Description of the task: The records below must be reproduced exactly, excluding any pictures.
[Opening Given data section]
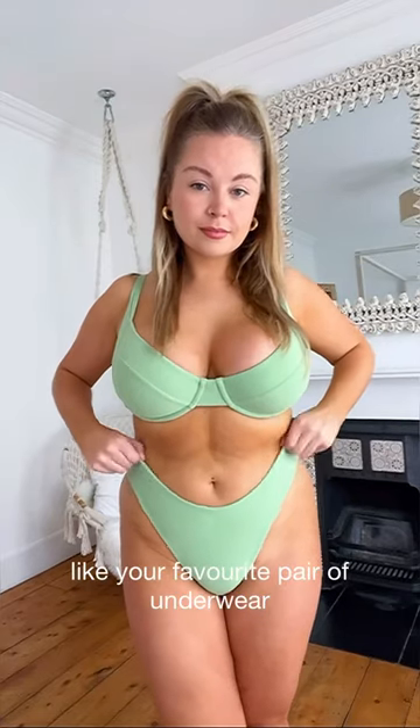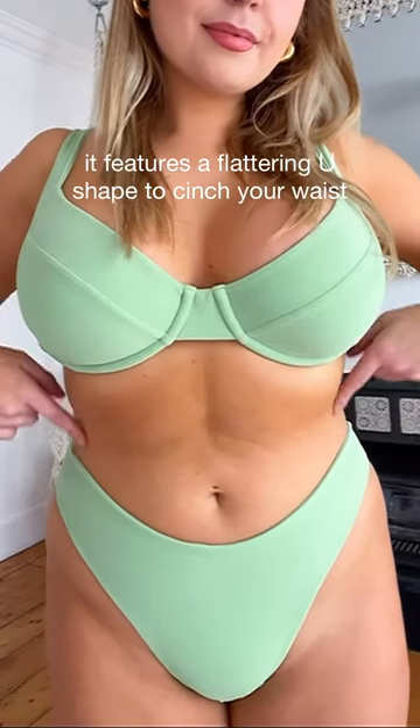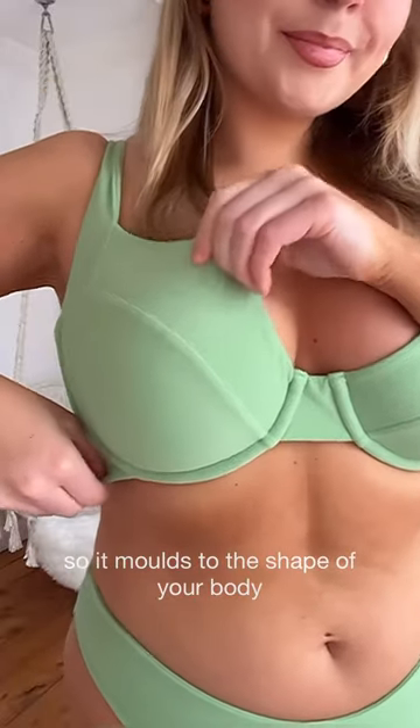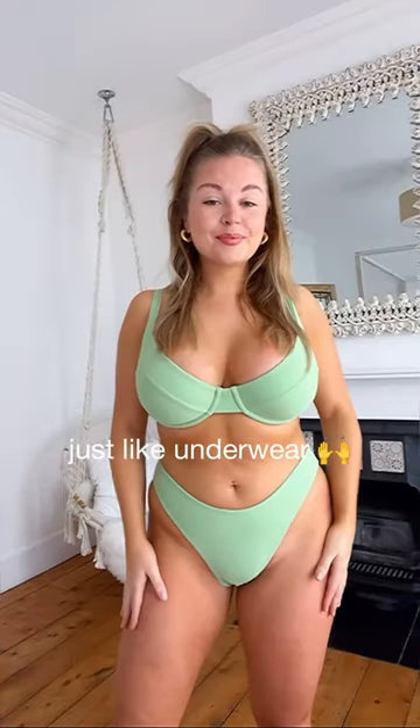If you want swimwear that fits and feels like your favourite pair of underwear, you need to try this Junk London Bikini. It features a flattering U-shape to cinch in your waist and thicker side panels, so no digging into your skin. The fabric is double-lined and stretchy, so it moulds to the shape of your body instead of pinching you like traditional swimwear, which gives you that second skin feel, just like underwear.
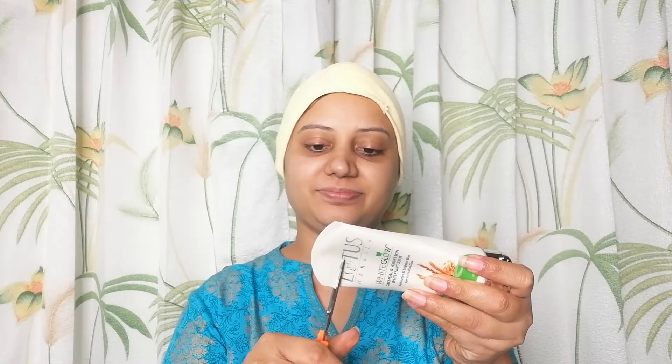It is very affordable. After this, I will use a scrub — this is Lotus Herbal's White Glow Scrub. It will come out easily. As you can see, my tube is almost finished, but I have one option: I will remove the product from it.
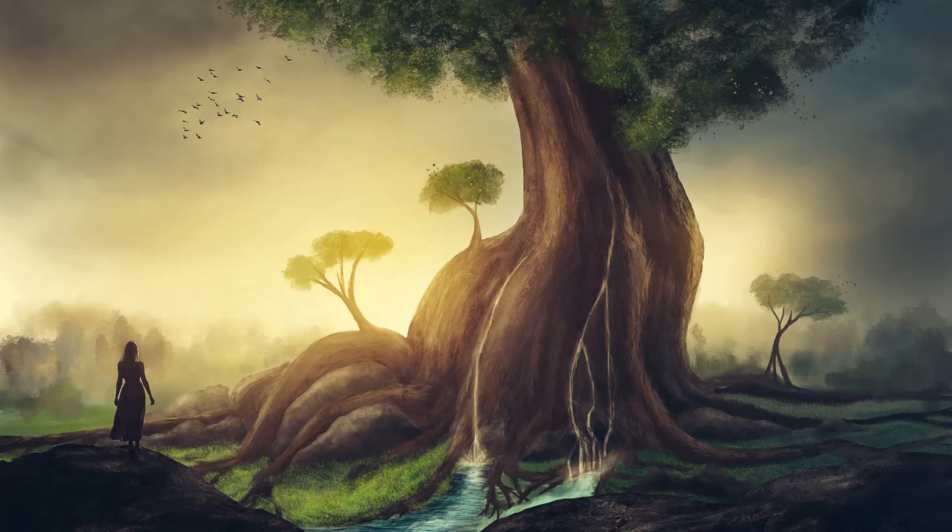Feel your body starting to relax. The stillness and the ease as the tension begins to melt away. There's nothing for you to do and nothing to be. Just breathe and relax.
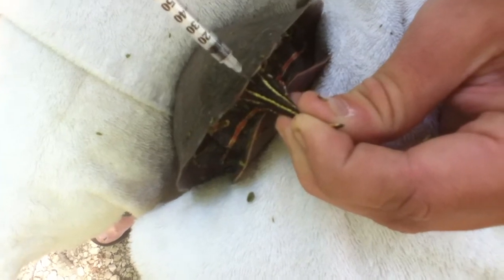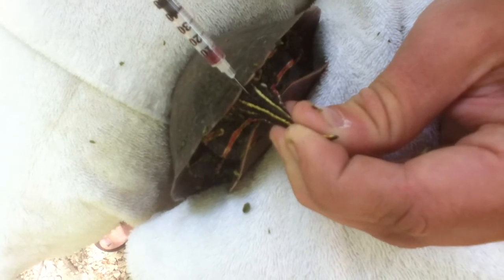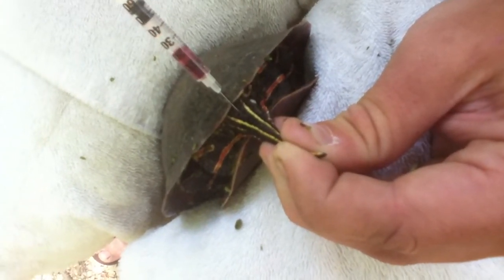My syringe is in, I'm on the backbone. I'm going to pull it up just a little bit and now I'm in that caudal vein. There — I'm in it, I'm getting a good blood flow.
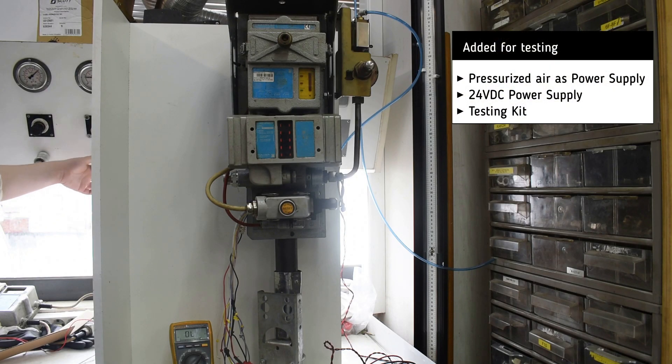For testing, we add some pressurized air as power supply and a 24 volt DC power supply. For testing, we use the testing kit.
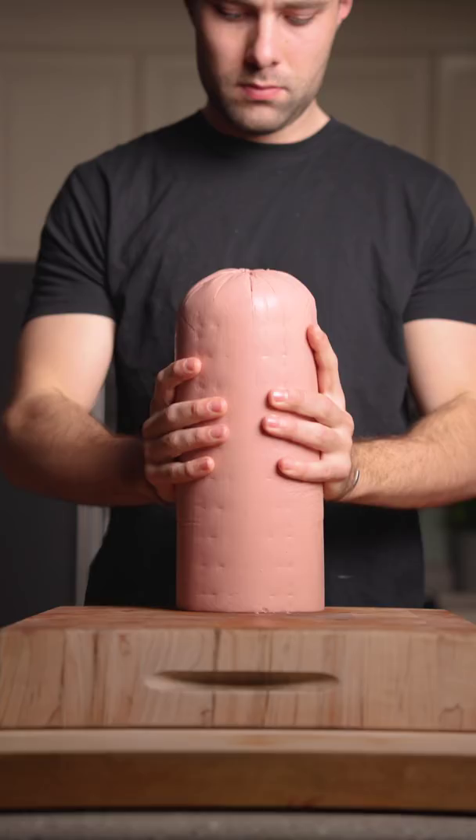Today we're dry aging a whole bologna. We're starting with the biggest hot dog I've ever seen, and into the dry ager for 90 days.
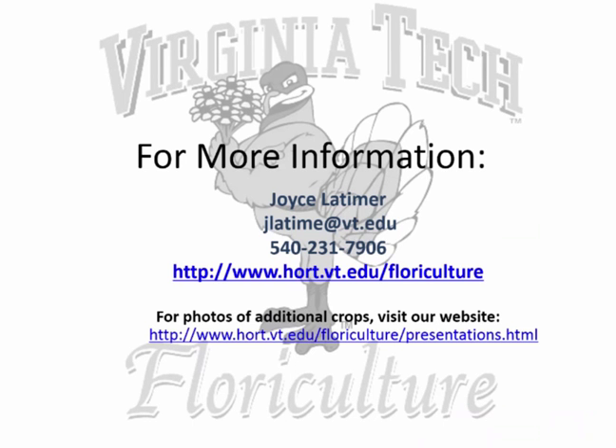We have several presentations on our website. If you want to see presentations that Mary has given, or others I've given, showing more of the crops we've worked with in more detail, feel free to check those out — you have that information on your handout.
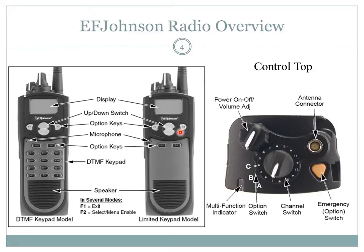The microphone is a small hole located to the top left of the keypad. The sensitivity is set to the second highest level and does not need to be directly spoken into. The speaker is located at the bottom of the keypad, and its volume is controlled by the power on-off volume adjustment knob on the control top.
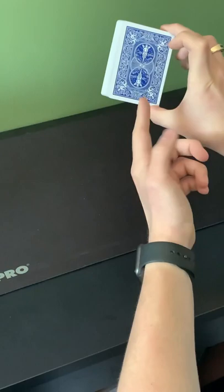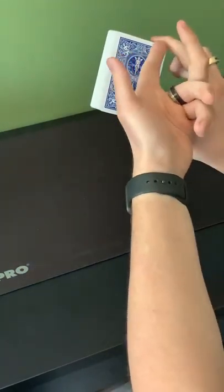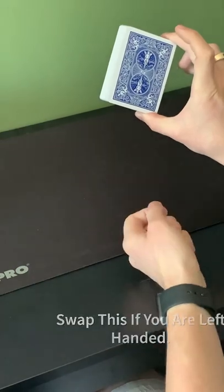To do this, you're going to hold the cards at a 45 degree angle with the point facing upwards, your middle finger on the top right corner and your thumb on the bottom right corner.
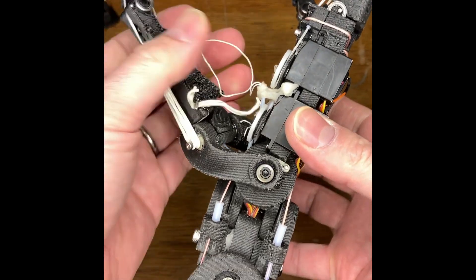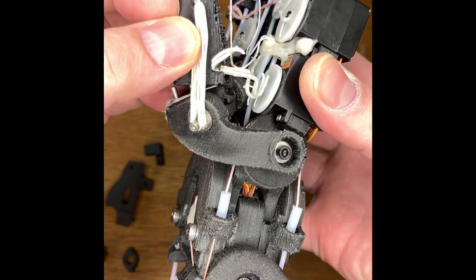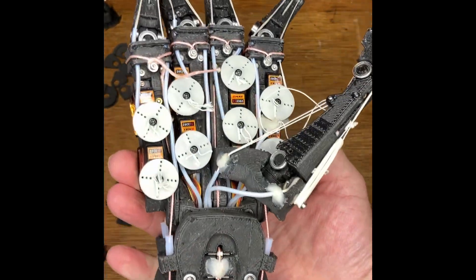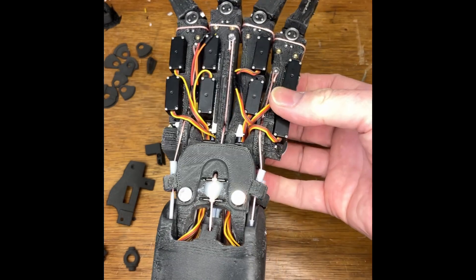The thumb elastics are all broken now — they used to pull it down. That needs to be fixed as well. So the v1 is a little bit incomplete, but it can be brought to a working state.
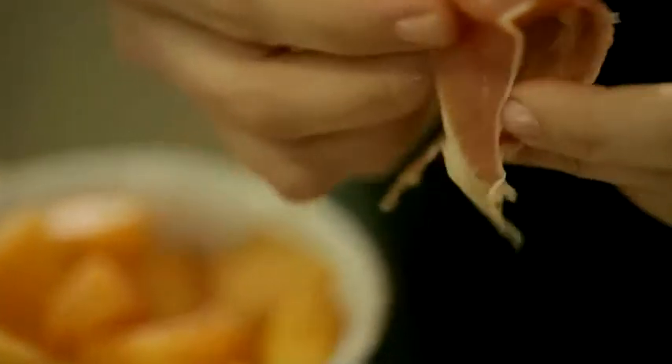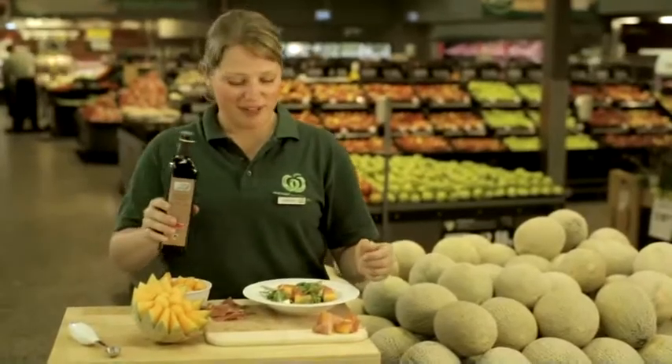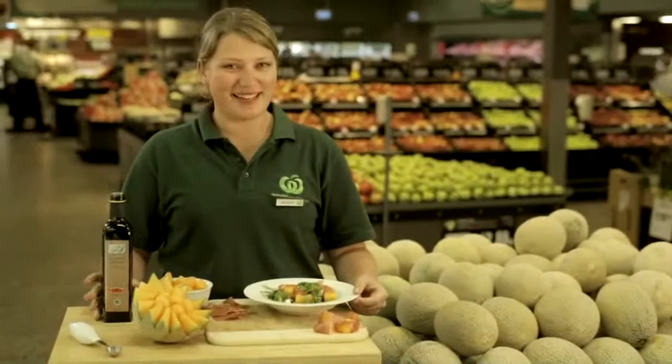For a stylish starter, wrap rock melon wedges in prosciutto. You can also serve with rocket, feta or a mild blue cheese and croutons. For a final touch, drizzle the whole lot with balsamic vinegar. This is a great way to start a summer barbecue or picnic.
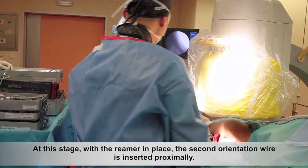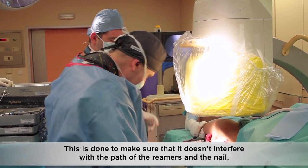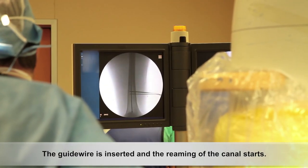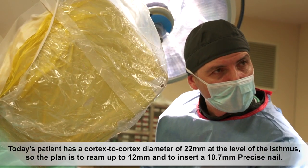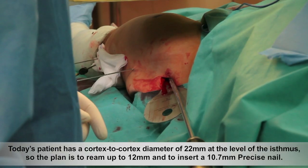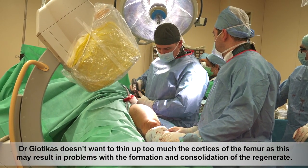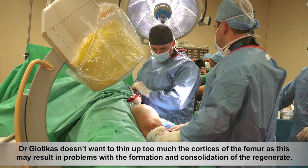At this stage, with the reamer in place, the second orientation wire is inserted proximally. This is done to make sure that it doesn't interfere with the path of the reamers and the nail. The guide wire is inserted and the reaming of the canal starts. Today's patient has a cortex-to-cortex diameter of 22 mm at the level of the isthmus, so the plan is to ream up to 12 mm and to insert a 10.7 mm Precice nail. Dr. Geotekas doesn't want to thin out too much of the cortices of the femur, as this may result in problems with the formation and consolidation of the regenerate.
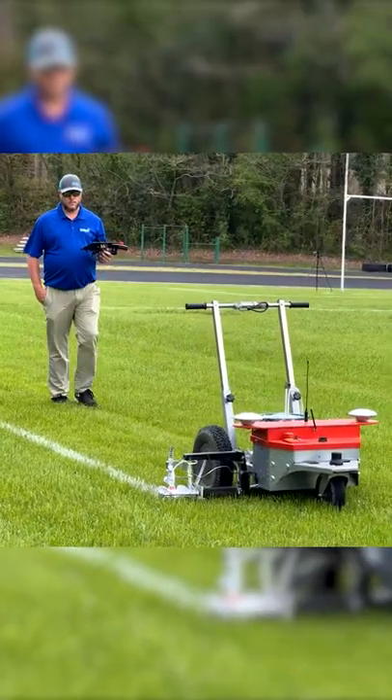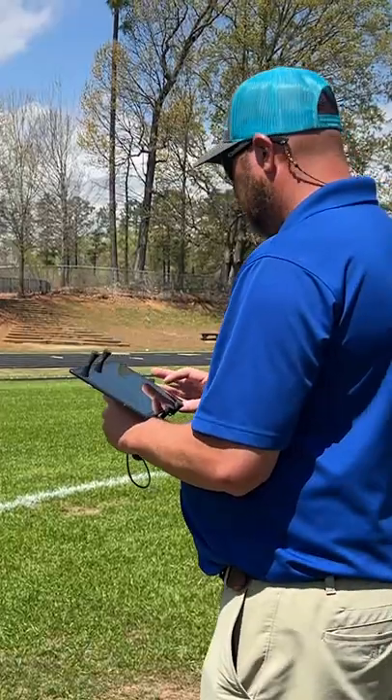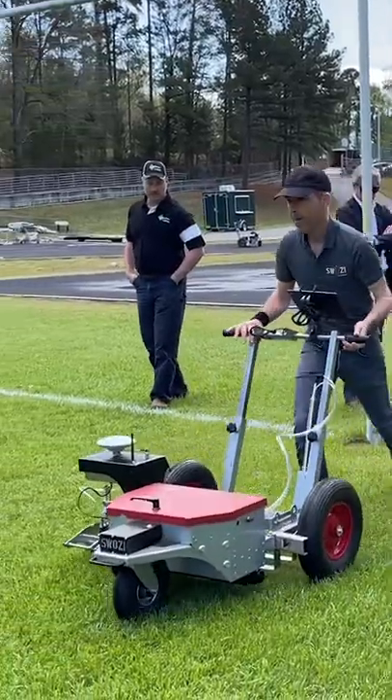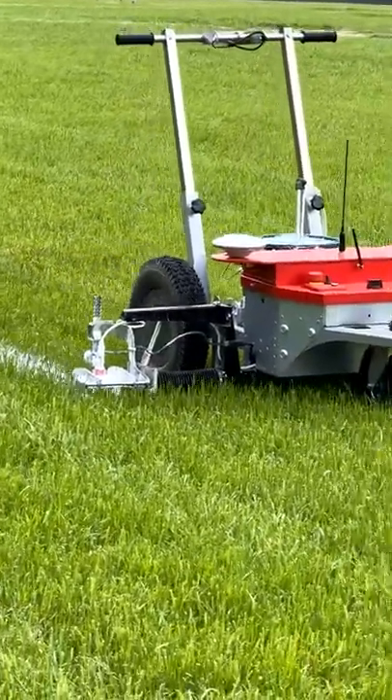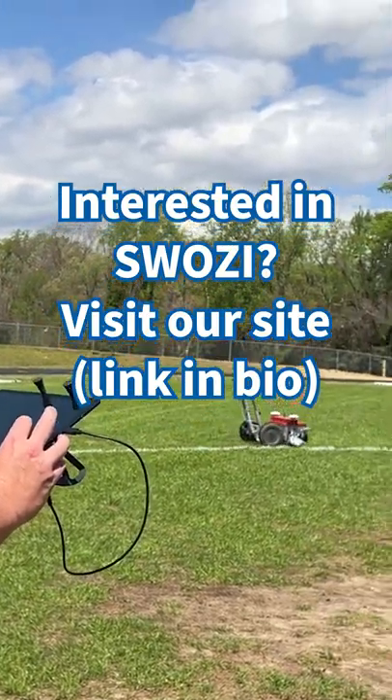Swazi is a robotic line painter. Basically, there's a template in the Android tablet for whatever sports field you want. You can either start pushing the unit manually, or take it to the next level — fully robotic — and literally hit a button on your tablet and it paints the field in the most efficient manner.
[Closing Given data section]
Exercise answer:
If you want swimwear that fits and feels like your favourite pair of underwear, you need to try this Junk London Bikini. It features a flattering U-shape to cinch in your waist and thicker side panels, so no digging into your skin. The fabric is double-lined and stretchy, so it moulds to the shape of your body instead of pinching you like traditional swimwear, which gives you that second skin feel, just like underwear.
It is very affordable. After this, I will use a scrub — this is Lotus Herbal's White Glow Scrub. It will come out easily. As you can see, my tube is almost finished, but I have one option: I will remove the product from it.
Feel your body starting to relax. The stillness and the ease as the tension begins to melt away. There's nothing for you to do and nothing to be. Just breathe and relax.
My syringe is in, I'm on the backbone. I'm going to pull it up just a little bit and now I'm in that caudal vein. There — I'm in it, I'm getting a good blood flow.
For testing, we add some pressurized air as power supply and a 24 volt DC power supply. For testing, we use the testing kit.
Today we're dry aging a whole bologna. We're starting with the biggest hot dog I've ever seen, and into the dry ager for 90 days.
We have several presentations on our website. If you want to see presentations that Mary has given, or others I've given, showing more of the crops we've worked with in more detail, feel free to check those out — you have that information on your handout.
The microphone is a small hole located to the top left of the keypad. The sensitivity is set to the second highest level and does not need to be directly spoken into. The speaker is located at the bottom of the keypad, and its volume is controlled by the power on-off volume adjustment knob on the control top.
To do this, you're going to hold the cards at a 45 degree angle with the point facing upwards, your middle finger on the top right corner and your thumb on the bottom right corner.
The thumb elastics are all broken now — they used to pull it down. That needs to be fixed as well. So the v1 is a little bit incomplete, but it can be brought to a working state.
For a stylish starter, wrap rock melon wedges in prosciutto. You can also serve with rocket, feta or a mild blue cheese and croutons. For a final touch, drizzle the whole lot with balsamic vinegar. This is a great way to start a summer barbecue or picnic.
At this stage, with the reamer in place, the second orientation wire is inserted proximally. This is done to make sure that it doesn't interfere with the path of the reamers and the nail. The guide wire is inserted and the reaming of the canal starts. Today's patient has a cortex-to-cortex diameter of 22 mm at the level of the isthmus, so the plan is to ream up to 12 mm and to insert a 10.7 mm Precice nail. Dr. Geotekas doesn't want to thin out too much of the cortices of the femur, as this may result in problems with the formation and consolidation of the regenerate.
Swazi is a robotic line painter. Basically, there's a template in the Android tablet for whatever sports field you want. You can either start pushing the unit manually, or take it to the next level — fully robotic — and literally hit a button on your tablet and it paints the field in the most efficient manner.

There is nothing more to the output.